*** Opening of SUPPLIED MATERIAL ***

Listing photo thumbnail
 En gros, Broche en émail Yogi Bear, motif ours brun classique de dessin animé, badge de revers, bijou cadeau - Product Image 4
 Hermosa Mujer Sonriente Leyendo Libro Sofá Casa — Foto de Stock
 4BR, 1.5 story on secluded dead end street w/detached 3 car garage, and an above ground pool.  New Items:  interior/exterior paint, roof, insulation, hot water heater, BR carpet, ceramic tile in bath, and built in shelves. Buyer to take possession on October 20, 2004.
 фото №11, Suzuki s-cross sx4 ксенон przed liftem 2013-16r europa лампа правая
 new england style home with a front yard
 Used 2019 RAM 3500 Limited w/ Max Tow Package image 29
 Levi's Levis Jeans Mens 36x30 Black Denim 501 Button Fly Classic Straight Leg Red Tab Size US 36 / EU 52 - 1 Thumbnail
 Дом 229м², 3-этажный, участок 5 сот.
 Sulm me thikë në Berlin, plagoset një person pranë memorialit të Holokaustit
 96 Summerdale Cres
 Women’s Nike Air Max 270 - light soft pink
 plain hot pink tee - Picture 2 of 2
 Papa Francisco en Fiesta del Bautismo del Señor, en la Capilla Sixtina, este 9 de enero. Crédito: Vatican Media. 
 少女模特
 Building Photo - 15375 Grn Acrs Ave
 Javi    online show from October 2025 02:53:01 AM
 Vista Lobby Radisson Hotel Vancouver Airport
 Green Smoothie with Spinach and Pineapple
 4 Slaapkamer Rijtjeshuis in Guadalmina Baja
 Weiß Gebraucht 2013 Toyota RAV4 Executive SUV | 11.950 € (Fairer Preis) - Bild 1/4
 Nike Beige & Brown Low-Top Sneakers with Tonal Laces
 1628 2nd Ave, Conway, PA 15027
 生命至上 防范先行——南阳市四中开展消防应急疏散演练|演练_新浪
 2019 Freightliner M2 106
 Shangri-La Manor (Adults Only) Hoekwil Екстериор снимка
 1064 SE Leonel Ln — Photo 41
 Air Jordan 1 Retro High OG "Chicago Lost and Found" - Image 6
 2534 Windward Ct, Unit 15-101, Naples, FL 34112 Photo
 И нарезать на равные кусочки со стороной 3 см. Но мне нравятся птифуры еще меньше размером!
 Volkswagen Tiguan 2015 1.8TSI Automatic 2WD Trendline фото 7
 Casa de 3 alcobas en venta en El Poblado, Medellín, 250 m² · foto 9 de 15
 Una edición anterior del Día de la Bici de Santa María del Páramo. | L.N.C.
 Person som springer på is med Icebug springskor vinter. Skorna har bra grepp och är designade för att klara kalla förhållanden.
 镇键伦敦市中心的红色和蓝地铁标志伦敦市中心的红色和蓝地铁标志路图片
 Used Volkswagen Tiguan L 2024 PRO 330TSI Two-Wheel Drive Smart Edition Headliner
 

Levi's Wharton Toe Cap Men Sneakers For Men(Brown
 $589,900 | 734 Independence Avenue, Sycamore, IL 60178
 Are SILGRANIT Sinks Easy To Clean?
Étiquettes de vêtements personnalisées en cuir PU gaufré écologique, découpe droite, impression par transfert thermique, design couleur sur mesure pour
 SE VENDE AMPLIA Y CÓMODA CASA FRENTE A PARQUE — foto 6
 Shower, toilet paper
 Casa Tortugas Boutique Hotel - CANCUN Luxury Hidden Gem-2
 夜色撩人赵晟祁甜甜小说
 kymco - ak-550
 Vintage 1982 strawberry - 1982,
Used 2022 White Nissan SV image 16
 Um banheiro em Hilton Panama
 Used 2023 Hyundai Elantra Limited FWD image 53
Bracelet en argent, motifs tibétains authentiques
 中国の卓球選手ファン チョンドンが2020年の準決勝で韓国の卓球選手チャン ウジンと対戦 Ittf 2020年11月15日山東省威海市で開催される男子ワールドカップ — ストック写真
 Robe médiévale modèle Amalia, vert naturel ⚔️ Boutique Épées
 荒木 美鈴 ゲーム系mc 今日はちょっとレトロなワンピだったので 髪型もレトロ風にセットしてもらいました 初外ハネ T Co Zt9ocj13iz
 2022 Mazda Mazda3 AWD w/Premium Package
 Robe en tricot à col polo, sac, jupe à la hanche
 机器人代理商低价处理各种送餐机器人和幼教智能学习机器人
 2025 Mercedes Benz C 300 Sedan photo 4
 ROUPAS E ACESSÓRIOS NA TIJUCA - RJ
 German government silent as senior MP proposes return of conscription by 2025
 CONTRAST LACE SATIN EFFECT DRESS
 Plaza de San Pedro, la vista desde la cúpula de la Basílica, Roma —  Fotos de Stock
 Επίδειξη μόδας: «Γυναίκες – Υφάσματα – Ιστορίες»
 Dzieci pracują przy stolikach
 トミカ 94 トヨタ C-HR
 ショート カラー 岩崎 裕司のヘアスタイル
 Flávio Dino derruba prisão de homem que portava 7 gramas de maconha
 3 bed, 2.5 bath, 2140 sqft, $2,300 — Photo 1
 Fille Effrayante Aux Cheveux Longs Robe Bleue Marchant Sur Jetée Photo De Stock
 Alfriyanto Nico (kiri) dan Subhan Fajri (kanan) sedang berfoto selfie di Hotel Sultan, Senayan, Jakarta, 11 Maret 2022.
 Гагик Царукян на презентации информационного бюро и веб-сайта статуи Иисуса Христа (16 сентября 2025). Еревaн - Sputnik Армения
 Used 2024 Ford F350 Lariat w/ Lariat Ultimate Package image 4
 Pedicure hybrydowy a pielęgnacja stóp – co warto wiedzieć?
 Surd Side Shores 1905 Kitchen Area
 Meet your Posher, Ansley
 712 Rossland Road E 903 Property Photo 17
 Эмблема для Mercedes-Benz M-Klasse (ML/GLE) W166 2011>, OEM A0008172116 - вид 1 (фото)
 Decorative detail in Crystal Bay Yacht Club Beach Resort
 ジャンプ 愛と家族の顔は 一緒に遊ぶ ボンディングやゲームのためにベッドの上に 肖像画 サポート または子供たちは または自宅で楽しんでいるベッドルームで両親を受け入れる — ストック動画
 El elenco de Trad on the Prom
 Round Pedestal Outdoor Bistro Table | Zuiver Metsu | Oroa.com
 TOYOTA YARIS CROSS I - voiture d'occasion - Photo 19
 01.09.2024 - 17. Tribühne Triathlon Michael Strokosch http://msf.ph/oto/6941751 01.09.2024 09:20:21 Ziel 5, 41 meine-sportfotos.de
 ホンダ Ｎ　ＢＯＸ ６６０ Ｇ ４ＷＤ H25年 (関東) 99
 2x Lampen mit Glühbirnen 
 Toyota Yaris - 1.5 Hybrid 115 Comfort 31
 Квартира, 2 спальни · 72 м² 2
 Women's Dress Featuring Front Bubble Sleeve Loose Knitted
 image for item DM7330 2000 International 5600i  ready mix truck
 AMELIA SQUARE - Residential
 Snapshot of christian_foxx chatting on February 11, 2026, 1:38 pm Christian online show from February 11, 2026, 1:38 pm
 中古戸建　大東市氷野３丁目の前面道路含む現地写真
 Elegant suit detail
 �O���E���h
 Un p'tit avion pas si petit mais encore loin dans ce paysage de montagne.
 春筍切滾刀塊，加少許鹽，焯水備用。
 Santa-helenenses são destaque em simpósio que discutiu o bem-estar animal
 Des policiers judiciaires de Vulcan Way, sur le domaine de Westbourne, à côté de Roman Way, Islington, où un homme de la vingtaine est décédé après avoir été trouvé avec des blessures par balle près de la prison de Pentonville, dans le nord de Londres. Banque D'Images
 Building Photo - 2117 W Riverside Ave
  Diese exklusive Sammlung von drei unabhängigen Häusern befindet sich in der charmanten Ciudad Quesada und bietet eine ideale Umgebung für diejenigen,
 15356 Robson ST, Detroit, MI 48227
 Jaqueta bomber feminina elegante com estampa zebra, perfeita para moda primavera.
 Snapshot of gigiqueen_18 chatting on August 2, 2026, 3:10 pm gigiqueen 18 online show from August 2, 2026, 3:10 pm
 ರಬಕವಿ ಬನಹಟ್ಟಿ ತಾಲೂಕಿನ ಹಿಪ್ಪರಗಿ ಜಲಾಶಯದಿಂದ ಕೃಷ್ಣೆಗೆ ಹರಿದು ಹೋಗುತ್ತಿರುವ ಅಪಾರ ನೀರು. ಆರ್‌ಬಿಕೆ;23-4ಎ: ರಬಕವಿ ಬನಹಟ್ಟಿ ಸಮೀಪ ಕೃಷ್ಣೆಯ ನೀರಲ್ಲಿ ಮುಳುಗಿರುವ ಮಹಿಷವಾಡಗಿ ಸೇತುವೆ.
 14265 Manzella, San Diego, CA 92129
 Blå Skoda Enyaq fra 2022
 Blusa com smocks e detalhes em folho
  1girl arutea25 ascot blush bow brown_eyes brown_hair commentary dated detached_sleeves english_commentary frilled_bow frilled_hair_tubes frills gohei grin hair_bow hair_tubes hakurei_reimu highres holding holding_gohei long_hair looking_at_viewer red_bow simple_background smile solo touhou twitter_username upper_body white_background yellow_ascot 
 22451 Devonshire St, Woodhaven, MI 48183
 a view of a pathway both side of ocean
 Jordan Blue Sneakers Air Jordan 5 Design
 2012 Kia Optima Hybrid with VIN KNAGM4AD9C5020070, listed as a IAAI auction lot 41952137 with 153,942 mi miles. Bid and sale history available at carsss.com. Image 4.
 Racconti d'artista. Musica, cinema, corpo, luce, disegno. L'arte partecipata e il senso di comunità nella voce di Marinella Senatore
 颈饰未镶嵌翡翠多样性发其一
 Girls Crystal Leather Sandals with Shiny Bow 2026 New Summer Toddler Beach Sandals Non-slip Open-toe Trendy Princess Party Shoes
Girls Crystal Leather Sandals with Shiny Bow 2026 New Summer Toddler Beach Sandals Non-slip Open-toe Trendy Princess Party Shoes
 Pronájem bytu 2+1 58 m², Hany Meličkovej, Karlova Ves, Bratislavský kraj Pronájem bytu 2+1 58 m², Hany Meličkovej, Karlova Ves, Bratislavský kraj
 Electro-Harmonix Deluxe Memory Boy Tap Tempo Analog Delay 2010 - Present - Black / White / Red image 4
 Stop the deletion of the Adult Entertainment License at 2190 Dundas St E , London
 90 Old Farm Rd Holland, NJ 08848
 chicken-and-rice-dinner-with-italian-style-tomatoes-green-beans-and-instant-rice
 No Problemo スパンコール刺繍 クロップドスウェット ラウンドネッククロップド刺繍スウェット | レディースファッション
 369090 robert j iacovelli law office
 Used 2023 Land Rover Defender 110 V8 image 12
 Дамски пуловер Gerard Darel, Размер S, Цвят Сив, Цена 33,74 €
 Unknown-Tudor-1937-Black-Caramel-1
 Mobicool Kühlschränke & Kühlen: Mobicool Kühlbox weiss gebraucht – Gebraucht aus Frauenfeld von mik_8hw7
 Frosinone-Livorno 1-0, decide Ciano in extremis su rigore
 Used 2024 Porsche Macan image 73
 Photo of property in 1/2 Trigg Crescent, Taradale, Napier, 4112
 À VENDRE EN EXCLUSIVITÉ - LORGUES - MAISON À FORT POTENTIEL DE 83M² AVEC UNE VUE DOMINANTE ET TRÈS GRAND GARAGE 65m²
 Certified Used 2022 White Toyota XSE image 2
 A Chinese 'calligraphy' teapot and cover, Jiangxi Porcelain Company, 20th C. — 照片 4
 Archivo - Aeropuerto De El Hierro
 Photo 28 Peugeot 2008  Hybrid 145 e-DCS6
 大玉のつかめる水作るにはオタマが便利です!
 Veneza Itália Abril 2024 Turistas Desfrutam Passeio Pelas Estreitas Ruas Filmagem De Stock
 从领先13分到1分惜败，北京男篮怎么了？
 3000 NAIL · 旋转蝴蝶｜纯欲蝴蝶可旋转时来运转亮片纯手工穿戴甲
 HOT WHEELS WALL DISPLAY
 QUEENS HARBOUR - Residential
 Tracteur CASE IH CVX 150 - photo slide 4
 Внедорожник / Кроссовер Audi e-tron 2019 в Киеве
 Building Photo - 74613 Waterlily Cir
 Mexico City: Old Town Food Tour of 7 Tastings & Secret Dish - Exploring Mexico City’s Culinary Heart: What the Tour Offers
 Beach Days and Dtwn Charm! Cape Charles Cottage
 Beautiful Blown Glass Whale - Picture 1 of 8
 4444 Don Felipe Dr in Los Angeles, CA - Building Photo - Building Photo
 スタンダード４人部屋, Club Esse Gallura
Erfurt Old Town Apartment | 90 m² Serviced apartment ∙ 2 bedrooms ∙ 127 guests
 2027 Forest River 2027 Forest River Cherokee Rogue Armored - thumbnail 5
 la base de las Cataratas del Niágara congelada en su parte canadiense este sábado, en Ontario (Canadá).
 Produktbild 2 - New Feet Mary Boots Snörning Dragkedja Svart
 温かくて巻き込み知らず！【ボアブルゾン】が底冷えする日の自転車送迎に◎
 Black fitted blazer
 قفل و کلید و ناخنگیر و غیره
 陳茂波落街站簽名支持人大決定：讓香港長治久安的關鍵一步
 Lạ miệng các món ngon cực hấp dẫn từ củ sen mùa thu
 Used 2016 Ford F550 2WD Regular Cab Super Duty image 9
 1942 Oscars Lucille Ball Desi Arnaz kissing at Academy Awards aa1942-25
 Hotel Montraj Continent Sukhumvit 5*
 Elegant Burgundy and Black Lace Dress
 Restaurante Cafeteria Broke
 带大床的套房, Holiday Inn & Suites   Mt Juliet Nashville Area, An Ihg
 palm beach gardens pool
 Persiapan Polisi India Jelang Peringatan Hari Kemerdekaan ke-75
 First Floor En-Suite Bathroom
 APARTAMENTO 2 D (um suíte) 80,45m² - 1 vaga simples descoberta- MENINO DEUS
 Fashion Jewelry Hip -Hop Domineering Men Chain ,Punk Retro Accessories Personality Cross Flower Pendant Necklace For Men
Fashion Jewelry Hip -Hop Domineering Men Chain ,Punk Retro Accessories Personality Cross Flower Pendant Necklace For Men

*** Close of SUPPLIED MATERIAL ***

-- DESCRIPTION OF THE TASK --
Every line in the records above that contains the word "Toddler" is to be copied out.

-- SOLUTION BELOW --
 Girls Crystal Leather Sandals with Shiny Bow 2026 New Summer Toddler Beach Sandals Non-slip Open-toe Trendy Princess Party Shoes
Girls Crystal Leather Sandals with Shiny Bow 2026 New Summer Toddler Beach Sandals Non-slip Open-toe Trendy Princess Party Shoes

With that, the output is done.